Provided material —

***

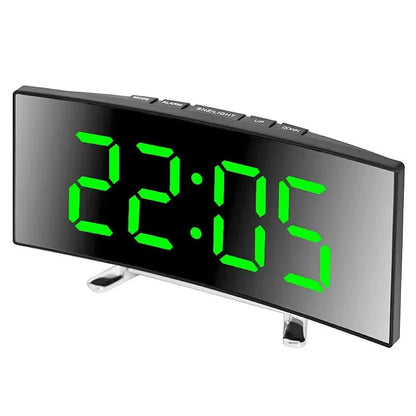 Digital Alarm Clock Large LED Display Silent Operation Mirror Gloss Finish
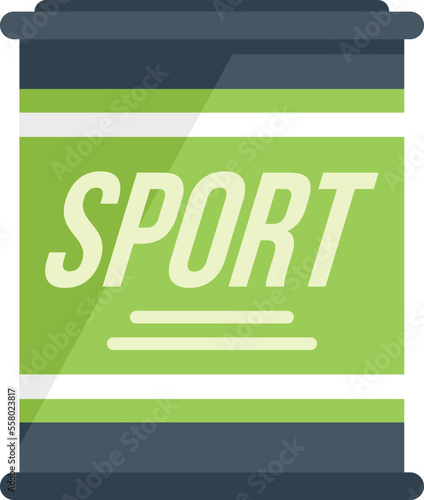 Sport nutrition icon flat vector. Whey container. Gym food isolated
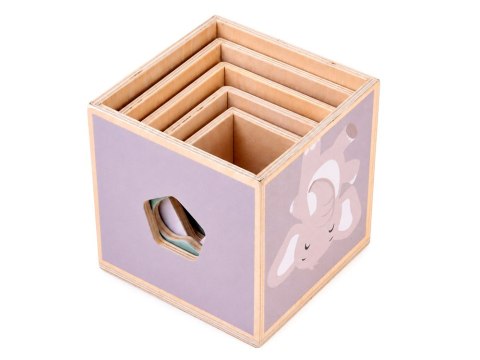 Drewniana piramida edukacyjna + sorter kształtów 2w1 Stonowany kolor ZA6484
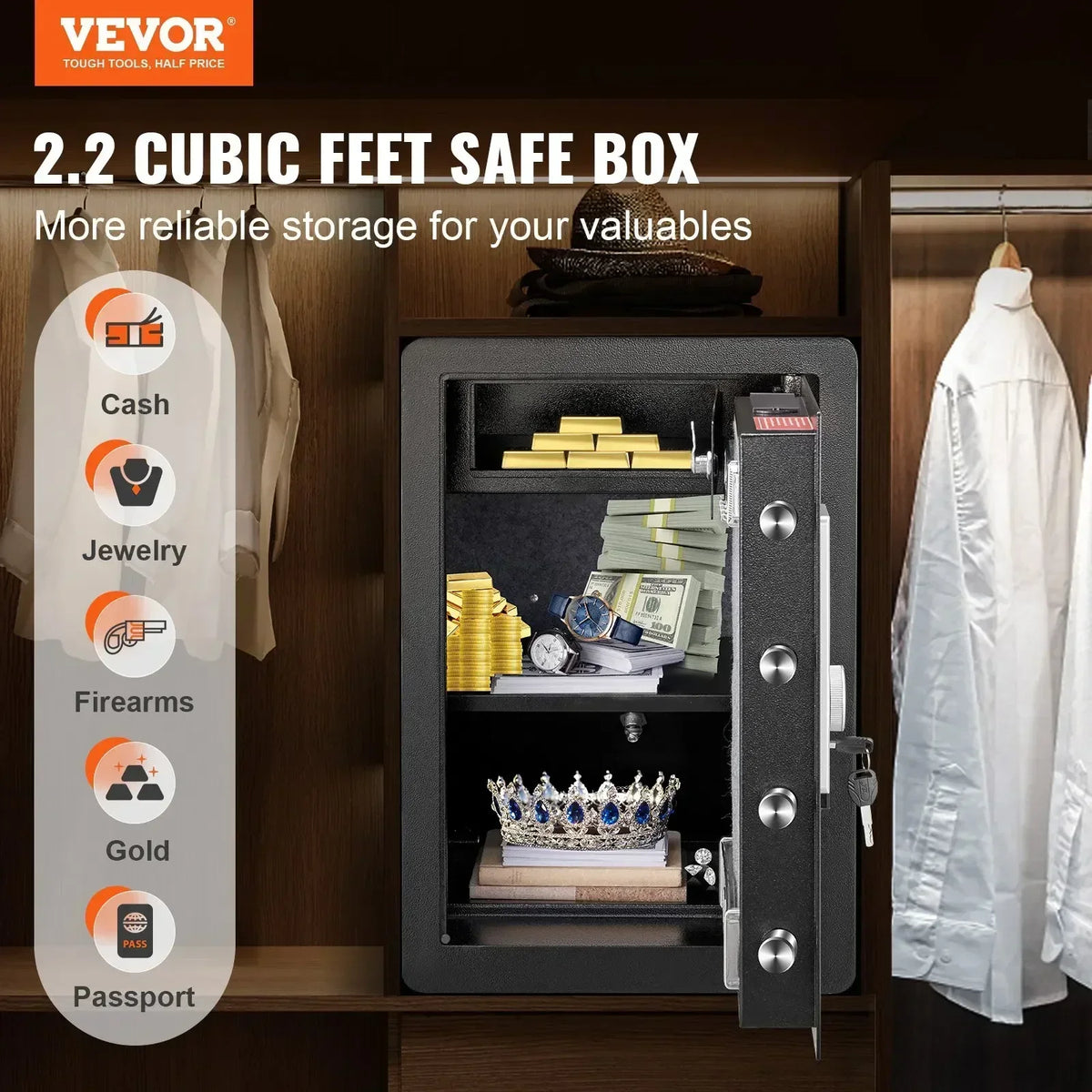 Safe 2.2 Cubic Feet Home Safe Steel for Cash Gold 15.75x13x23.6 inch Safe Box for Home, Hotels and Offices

***

Problem to work on —
An exact copy is needed of the lines running from the one with "Sport nutrition icon" through the end of the data above, and of those lines only, without pictures.

Answer box —
 Sport nutrition icon flat vector. Whey container. Gym food isolated
 Drewniana piramida edukacyjna + sorter kształtów 2w1 Stonowany kolor ZA6484
 Safe 2.2 Cubic Feet Home Safe Steel for Cash Gold 15.75x13x23.6 inch Safe Box for Home, Hotels and Offices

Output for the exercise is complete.